The idea is to think of an idea, plugin some generic language and apply for a patent without leaving you desk.
You seem to implying that the application has an enablement or written description problem.
There’s a statute for that.
It’s just that it is not 101.
I don’t see such a enablement problem. Surely all of these are well known and obvious how to implement to a PHOSITA:
a) Docking connector (able to handle video information)
b) Communication interface (able to handle video information)
c) A projection module (able to handle video information)
Physically connecting the a), b) and c).
What is left in the claim is the flow of video through a), b) and c) and given everything else how could that not be enabled?
Well if you agree that its enabled, they why do you think there is undone hard work?
“. But I do not need to worry about that because I can patent the abstract obvious flow of the information through the new system rather than doing any hard work. (Or I could of, I think I just made these into prior art…).”
Slashdot Reader f you are in the docking station business and someone invents a new kind of display that you should apply for a patent immediately. For example take the above claim and replace ‘video information’ with ‘3D sound field information’, ‘3D video information’, ‘subsonic sound information’ or ‘Virtual reality display and control information’. These will all be a lot of work to actually implement in a docking station, involving plenty of research and experimentation. But I do not need to worry about that because I can patent the abstract obvious flow of the information through the new system rather than doing any hard work. (Or I could of, I think I just made these into prior art…).
Ah, so you do have some understanding of how the game is being played. Congrats! Recognize also that you need not be in the “docking station business” at all to play this game. All you need to be “in” is the patent speculation and/or assertion business.
And there are worse claims than this one out there. Far worse. With less technology and even more emphasis on the information.

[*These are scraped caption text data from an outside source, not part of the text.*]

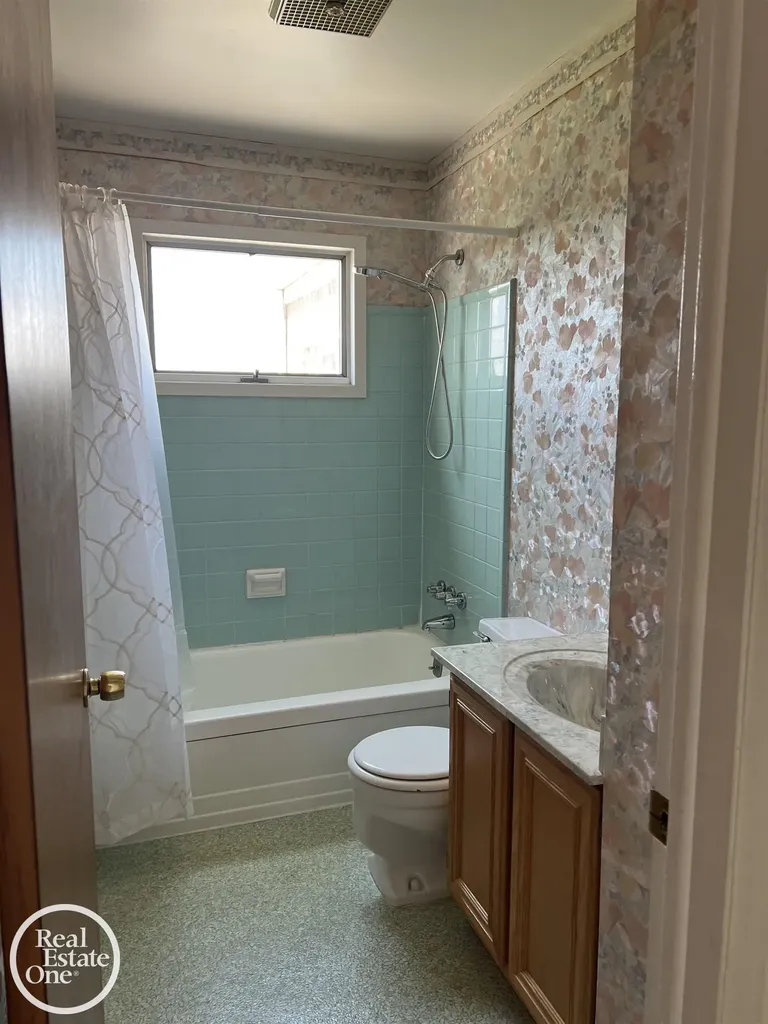 37223 Barrington Drive Sterling Heights City MI 48312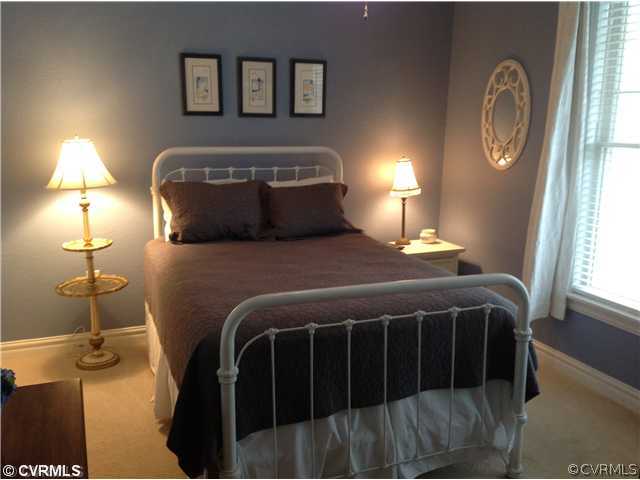 204 Sandbridge Road, Unit 206 Virginia Beach, VA 23456 - Photo 16 of 24 Bedroom - Very pretty and nice size quest room with walk in closet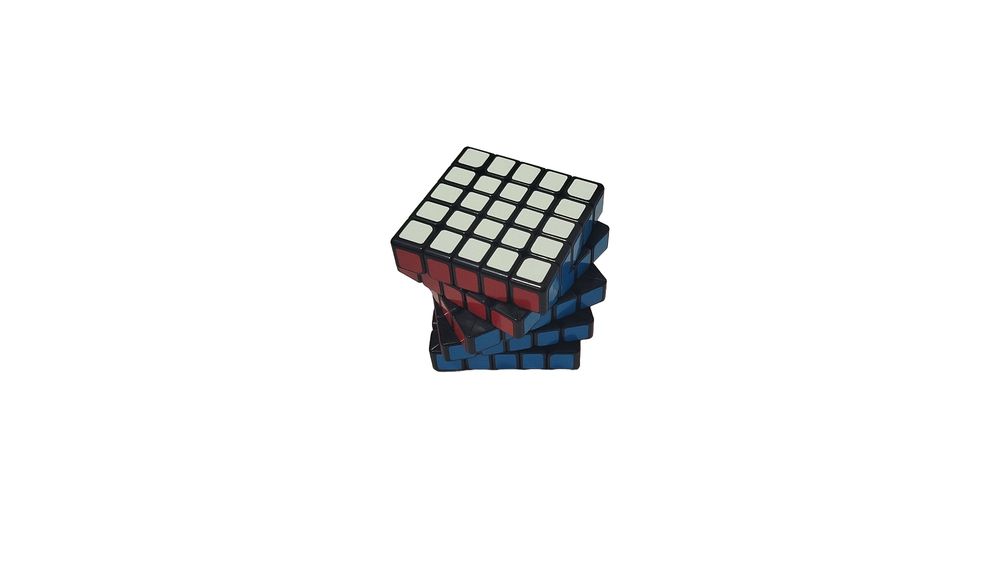 7 ta kubik rubiklar jamlanmasi.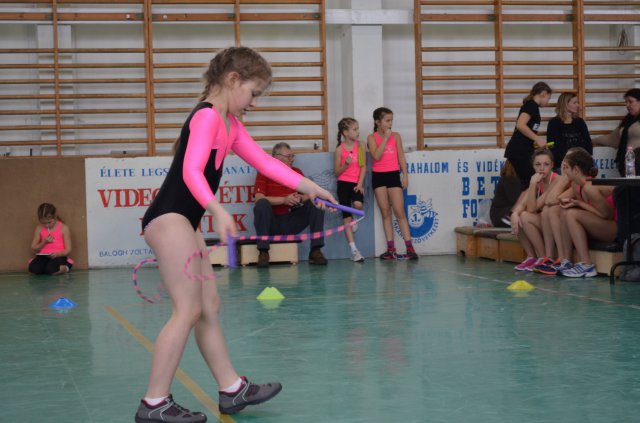 Kötélugró verseny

Plus I know of a website where you can find stories about all the latest technology so its easy to find ideas for patent speculation! I won’t reveal the name though.
Plus I know of a website where you can find stories about all the latest technology so its easy to find ideas for patent speculation! I won’t reveal the name though.
No kidding.
And let me guess: the big companies responsible for that “latest technology” are endless disparaged by the same website as being “not innovative”.
Thank goodness there’s nothing transparently sleazy about that website.